Total, que no habría pasado ni una semana y ya estaba yo yendo al colegio. Al principio, lo más importante eran aquellos viajes en autobús, pendiente de la ruta a modo de Pulgarcito perdido en el bosque. Con la nariz pegada a la ventanilla acechaba las plazas, los semáforos, los cafés, las bocas de metro recogiendo y expulsando gente con cara de prisa, y sobre todo los rótulos clavados en las esquinas de los edificios. Llevaba un cuadernito donde apuntaba los nombres, y luego en casa miraba la enciclopedia para enterarme de quiénes habían sido en vida aquellas personas que se convirtieron en calles. Militares casi siempre.
El Atenea era una pecera de aguas azules sin oleaje, temperatura ambiente, y me adapté lo justo para no llamar la atención ni por listo ni por tonto; lo de que era experto en parar goles lo mantuve secreto. Pasar desapercibido y no provocar amistades íntimas era lo que más me interesaba. Lo logré a medias, y también aprendía a mentir. Le había pedido a Máximo que me proporcionara dos tacos de billetes de metro, y muchas tardes, a la hora de salir, le decía a la profesora de dibujo, que era con la que mejor me llevaba, que me habían venido a buscar y salía corriendo hasta una plaza que había cerca. Bajaba las escaleras hacia el subsuelo, aspiraba con ansia el olor a humedad, miraba a los mendigos que tocan la flauta en los pasillos larguísimos sin ventanas y me temblaban las piernas como si alguien me persiguiera. Para llegar a casa había que hacer transbordo, pero casi nunca lo hacía. Tengo buen sentido de la orientación, y aprenderme lo de afuera atento a sus peligros, notar que iba reconociendo calles y que hasta podía dar rodeos sin perderme fortalecía un poco mi desgana. En algún momento llegué a probar aquella excitación del peregrino típica de mis primeras escapadas infantiles en Segovia. Pero no sé: era una aventura rutinaria y sin sal. Como un argumento plagiado.

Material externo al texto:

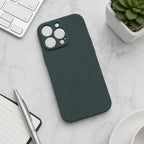 Husă iPhone 13 Pro, magnetică MagSafe, silicon, cu decupaj pe fiecare cameră, verde mat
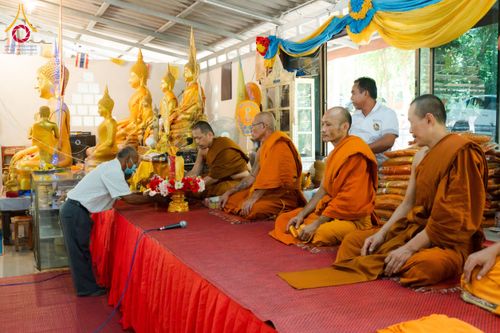 ภาพ No.172308:พิธีทอดกฐิน วัดเจริญธรรมมาราม จ.จันทบุรี ในโครงการกฐินสามัคคีทั่วไทย 30,000 วัด บูชาธรรม 80 ปี หลวงพ่อธัมมชโย โดยคณะศิษยานุศิษย์วัดพระธรรมกาย วันที่ 30 ตุลาคม พ.ศ. 2567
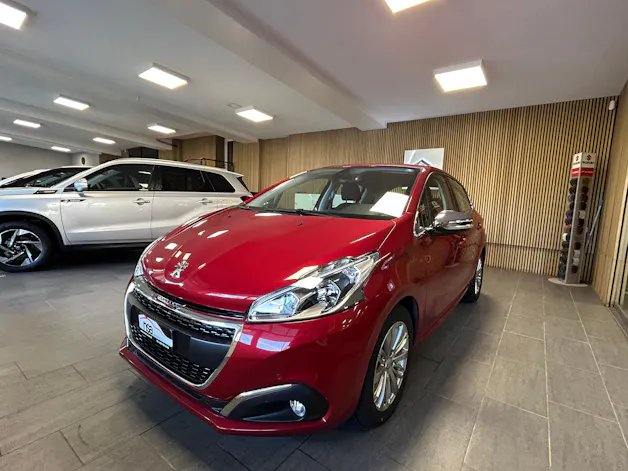 PEUGEOT 208 1.2 PureTech Allure S/S AUTOMATIQUE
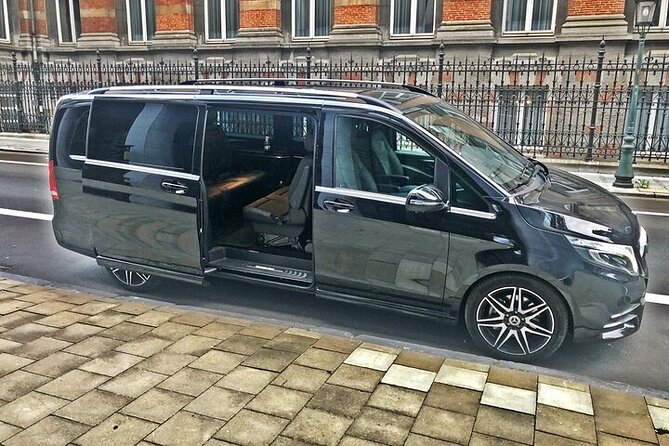 Transfer Brussels Airport --> Brussels MB V Class 7 PAX (ONE WAY) - What the 25-minute ride really means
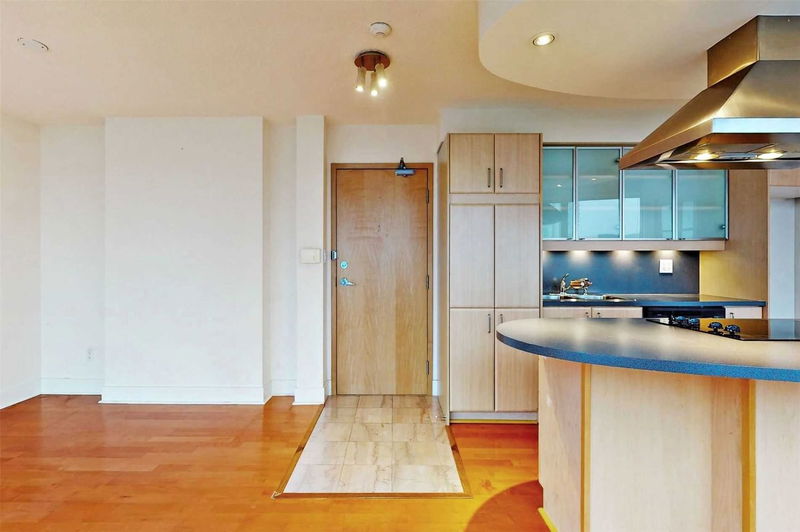 Preview image for 550 Queens Quay W #1015, Toronto
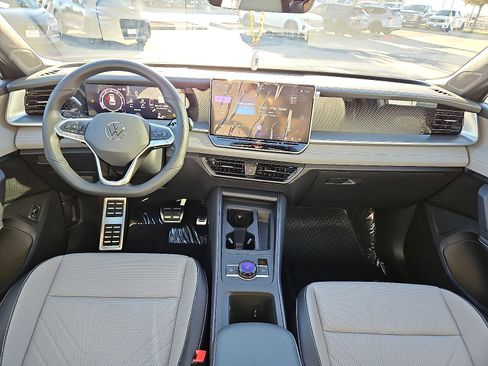 New 2026 Volkswagen Tiguan SE R-Line image 9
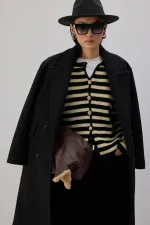 CARDIGAN COURT À BOUTONS DORÉS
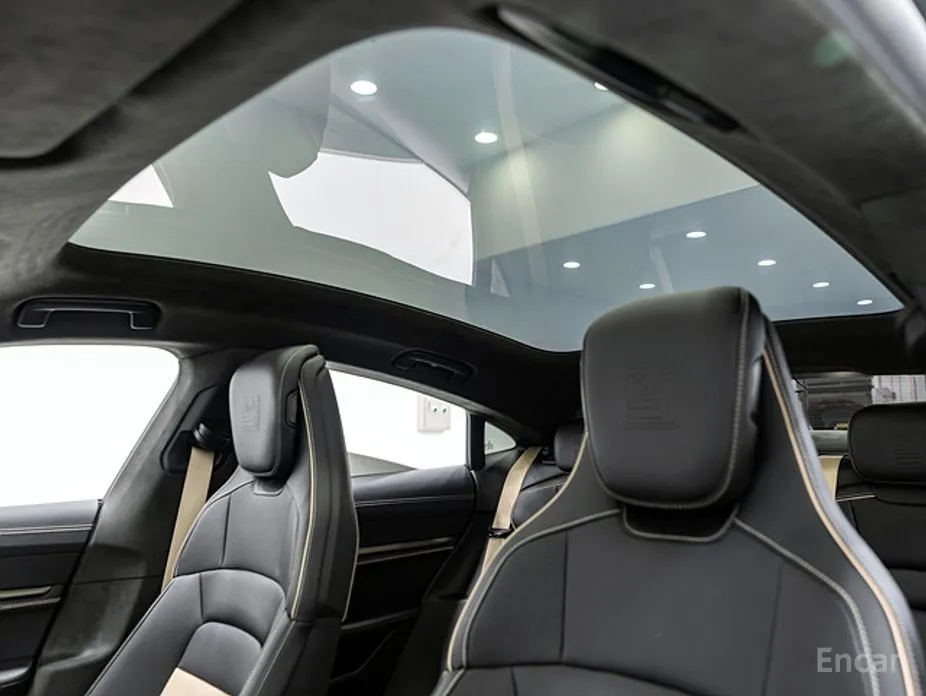 Porsche Taycan 2020 Turbo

He tardado en darme cuenta de lo que me estaba pasando desde que pisé Madrid hasta la boda de mis padres. Por primera vez, el borrón del futuro había empezado a dibujarse como una sombra delante de los pies, en vez de llevarla colgando por detrás. «¿Y ahora qué?», me preguntaba con susto al encontrarme en el suelo ese bulto negro que antes no veía. Y me tenía que parar en la calle como un tonto; o me distraía en clase, sin poder atender a lo que me estaban preguntando. «Capacidad de concentración irregular», ponía a mano rematando las notas del primer trimestre. Y es que estaba viendo la sombra aquella, como una mancha que no se quita con nada.